Current script status:

- `scripts/bootstrap_comfy.py` clones ComfyUI and all pinned custom node
  repositories, installs their requirements, prepares model directories, and
  can optionally download the VoxCPM2 and MelBand RoFormer assets.
- `scripts/run_comfy.py` starts ComfyUI and waits for `/system_stats`.
- `scripts/workflow_client.py` uploads audio, patches the VoiceGate API
  workflow, submits it through `/prompt`, and waits on `/history/{prompt_id}`.

Remaining runtime bootstrap work:

- Wire bootstrap/startup behavior into `app.py`.
- Validate the bootstrap and ComfyUI startup in the actual Space container.
- Confirm the upload endpoint used by `LoadAudio` accepts the audio files we
  send from Gradio.

### Phase 4: Workflow Parameterization

Parameterize `workflows/voicegate_api.json` before submitting it to ComfyUI.

Required edits:

- Patch hard-coded audio filenames with Gradio-uploaded input files.
- Patch API keys from environment variables.
- Patch target language, LLM model, and provider base URL.
- Ensure output nodes produce deterministic job-specific file paths.

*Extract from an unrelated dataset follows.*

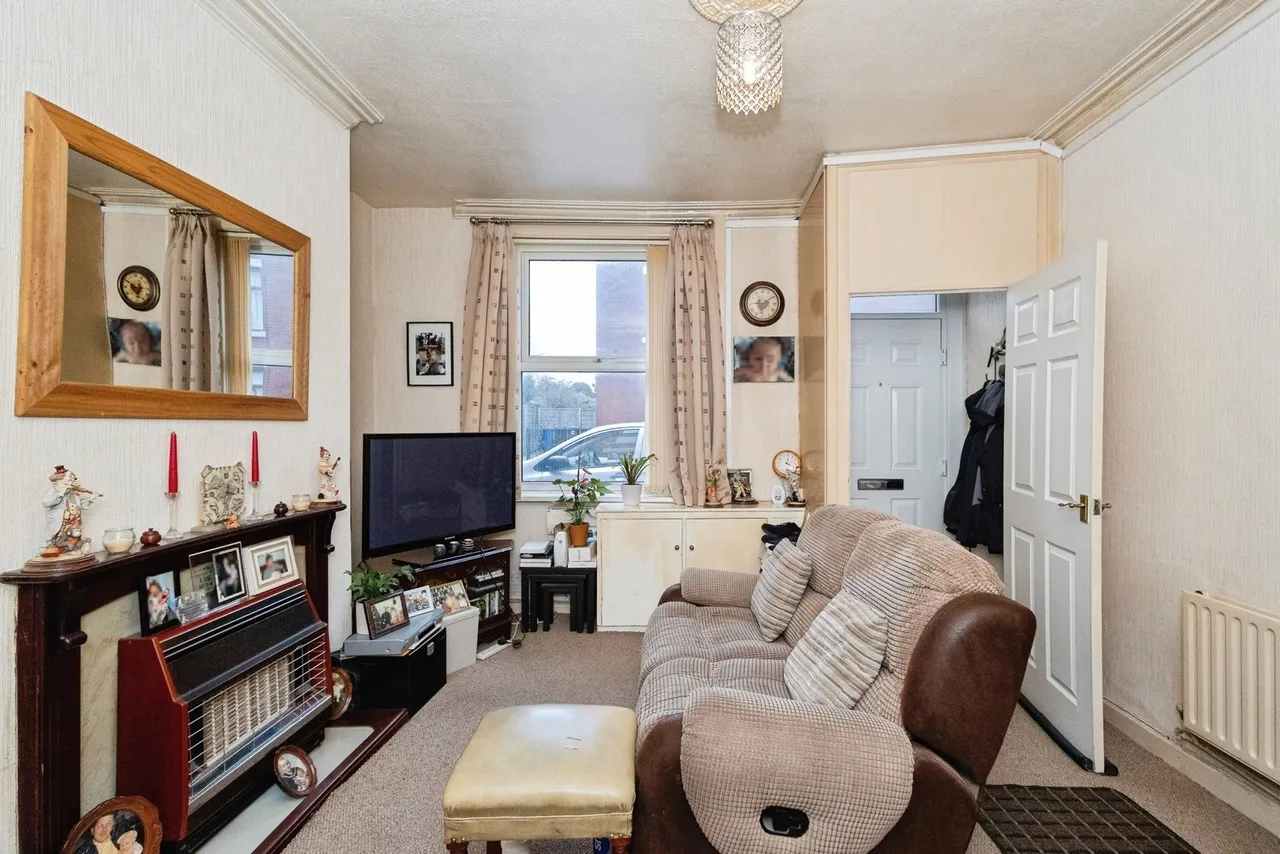 Smallshaw Lane, Ashton-under-Lyne, Greater Manchester, OL6, photo 5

These are implemented in `scripts/workflow_client.py`, but still need to be
connected to the Gradio UI and verified against a running ComfyUI process.

### Phase 5: Gradio Integration

Build the first real interface:

- Input audio file.
- Target language selector/text input.
- Source language, default `auto`.
- Optional prompt override.
- Output audio.
- Output translated/adjusted SRT.
- Runtime log.

Wrap the end-to-end function with `@spaces.GPU(duration=...)` and start with a
short maximum input duration.

### Phase 6: Verification

Verify in this order:

1. ComfyUI starts and exposes its local API.
2. TTS-only minimal workflow runs.
3. ASR-only short audio workflow runs.
4. SRT splitter + VoxCPM + merger runs.
5. Full VoiceGate short-audio workflow runs.
6. Video input support is added after the audio path is stable.

## Immediate Next Step

Continue Phase 3 by wiring bootstrap/startup behavior into `app.py`, then test
the scripts inside the running Hugging Face Space container.